Beer and skittles and Lucian Freud and Quentin Crisp – a Hampstead misery memoir

A review of ‘Slideshow: Memories of a Wartime Childhood’, by Marjorie Ann Watts. It’s at its best when channelling the voice and mind of a child

A group of boys riding in an army tank on the roundabout at the Hampstead Heath Fairground in 1944. (Photo by Harry Shepherd/Fox Photos/Getty Images) 
issue 20 September 2014

The rise of the ‘misery memoir’ describing abusive childhoods, followed by the I-was-a-teenage-druggie-alkie-gangbanger-tick-as-appropriate memoir, pushed into the shadows an older tradition, the memoir of childhood pleasure, of charm and humour. Some of the greats — Gwen Raverat’s Period Piece, Diana Holman-Hunt’s My Grandmothers and I — continue to be enjoyed; others every bit as good — Joan Wyndham’s Love Lessons trilogy — must be snapped up secondhand.

Marjorie Ann Watt’s Slideshow never quite reaches these heights, but is nevertheless a welcome addition to this genre. Watts herself is a painter and illustrator, and here she uses words to depict the lost world of the prewar bohemian Hampstead upper-middle-classes. Her father, Arthur Watts, was a Punch cartoonist; her formidable grandmother the founder of PEN.

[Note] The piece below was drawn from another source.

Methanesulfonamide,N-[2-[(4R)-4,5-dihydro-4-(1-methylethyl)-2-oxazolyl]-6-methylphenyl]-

Thus the book is filled with throwaway references to ‘the Blisses’— the composer Arthur and family — or E.M. Delafield, author of The Diary of a Provincial Lady. Tagore gives a talk at her school, going ‘on and on until I was almost asleep’. Later, at art college at St Martin’s (also known as ‘this dump’), ‘Lucian Somebody’ waltzes, while later still so does ‘Norbert’ (Brainin, founder of the Amadeus Quartet), ‘horn-rim specs gleaming’. By this time it feels natural that Watts is taught by Henry Moore and Edward ‘Call me Ted’ Ardizzone with — who else? — Quentin Crisp making a flying appearance as a life-drawing model.

Yet these famous people are wallpaper, the decorative backdrop to her life, which is not nearly as much beer and skittles as an overview would suggest. After a prosperous, protected childhood, brought up by nannies (and nanny humour abounds: ‘Look at those fingernails. Are we in mourning for the cat?’), the death of her father before she is ten changes things abruptly.